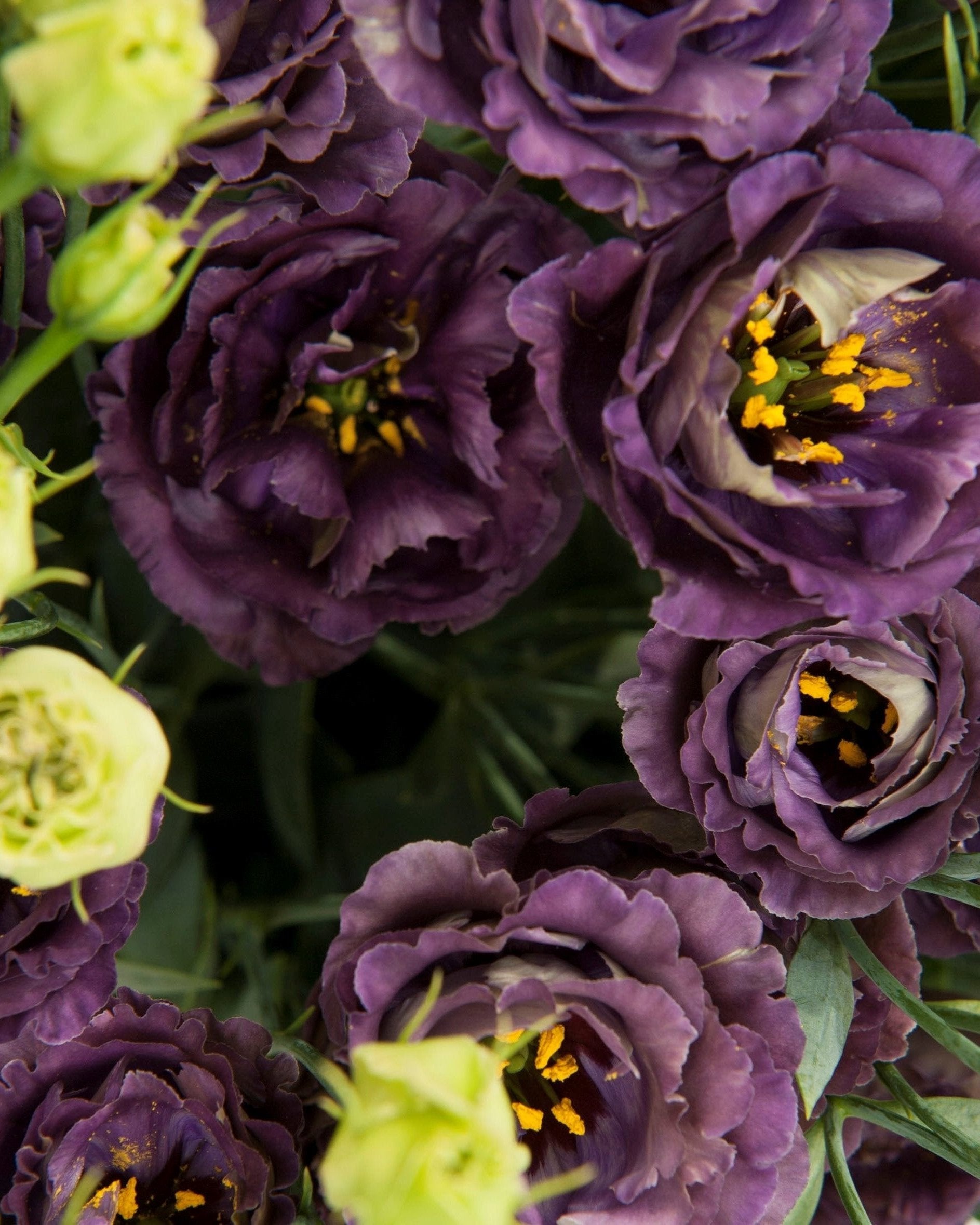 Lisianthus Rosanne 1 Black Pearl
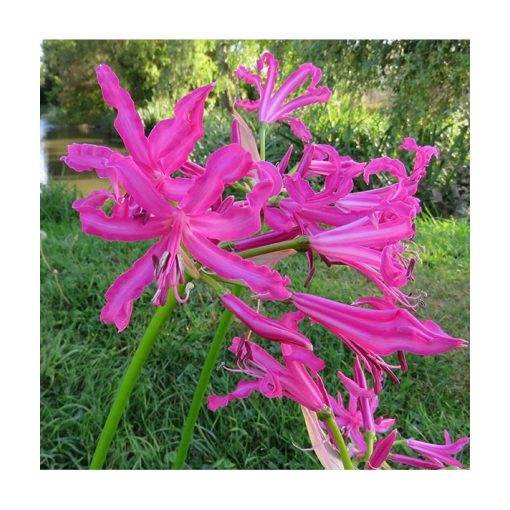 Nerine bowdenii Isabel - Csillogó pirosliliom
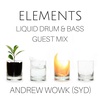 Elements - A Liquid Drum & Bass Podcast Ep 27: Guest Mix - Andrew Wowk (SYD)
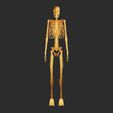 02.jpg Skeleton 3D Model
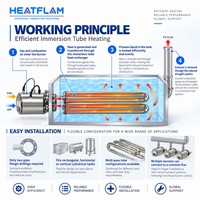 Brûleur tubulaire HTX40 pour chaudière, pièces de rechange, gaz naturel, chauffe efficacement les liquides, gain de place, brûleur pour réservoirs immergés, finition métallique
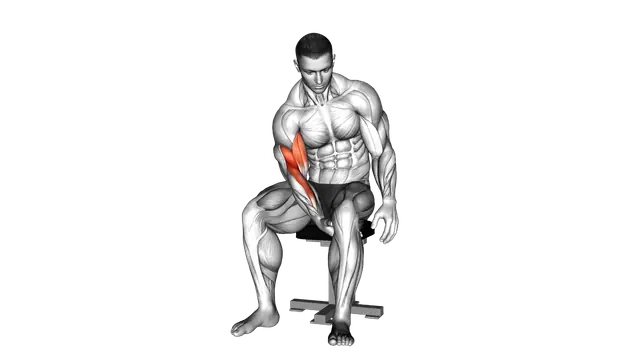 Biceps Leg Concentration Curl exercise demonstration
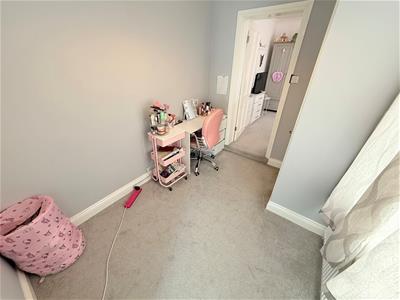 Picture 15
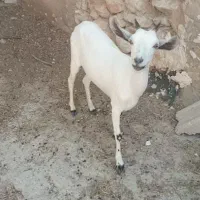 بز آهویی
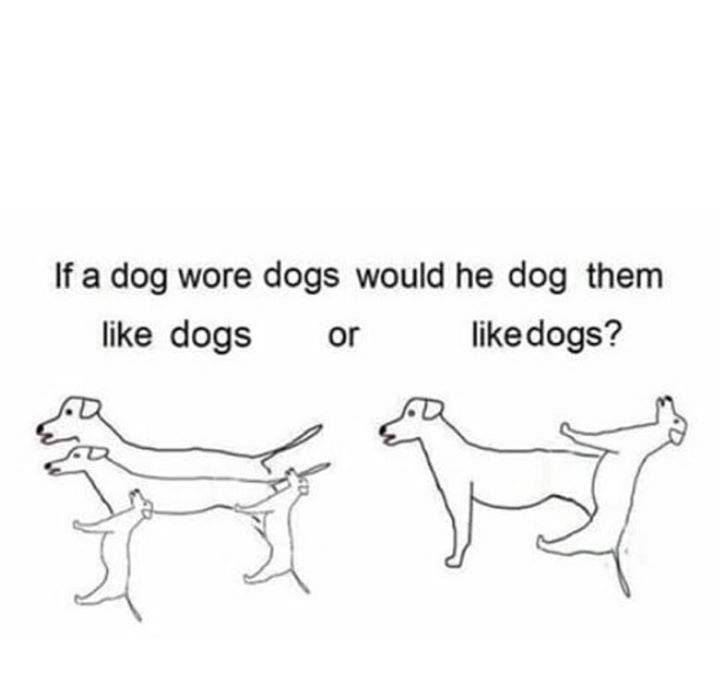 DOGG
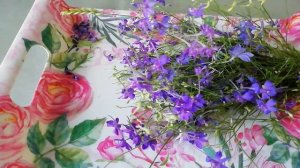 ? ЖИВОКОСТЬ ПОЛЕВАЯ ПОМОЖЕТ ВАМ ИЗБАВИТЬСЯ ОТ МНОГИХ БОЛЕЗНЕЙ . ?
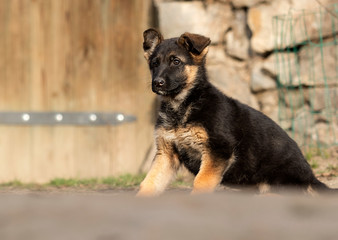 German Shepherd puppy outdoors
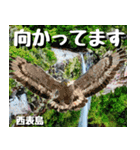 八重山諸島巡り大好き。2（個別スタンプ：13）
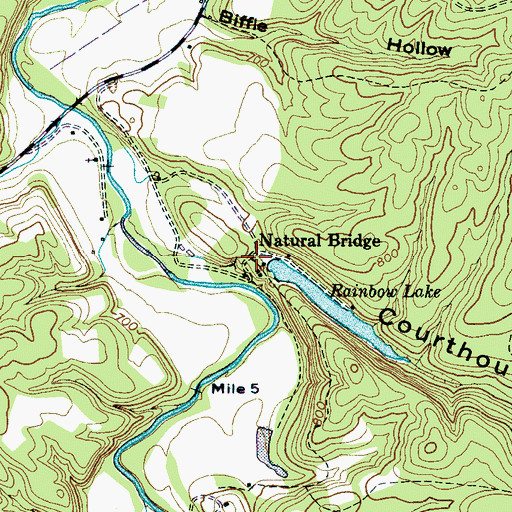 Topographic Map of Natural Bridge, TN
○ ○ ○ ○ ○ ○ ○
PROMPT:
All that should be returned is the run of lines from the start of the entries above to the line bearing "Brûleur tubulaire HTX40", each exact, with pictures omitted.

TASK OUTPUT:
 Lisianthus Rosanne 1 Black Pearl
 Nerine bowdenii Isabel - Csillogó pirosliliom
 Elements - A Liquid Drum & Bass Podcast Ep 27: Guest Mix - Andrew Wowk (SYD)
 02.jpg Skeleton 3D Model
 Brûleur tubulaire HTX40 pour chaudière, pièces de rechange, gaz naturel, chauffe efficacement les liquides, gain de place, brûleur pour réservoirs immergés, finition métallique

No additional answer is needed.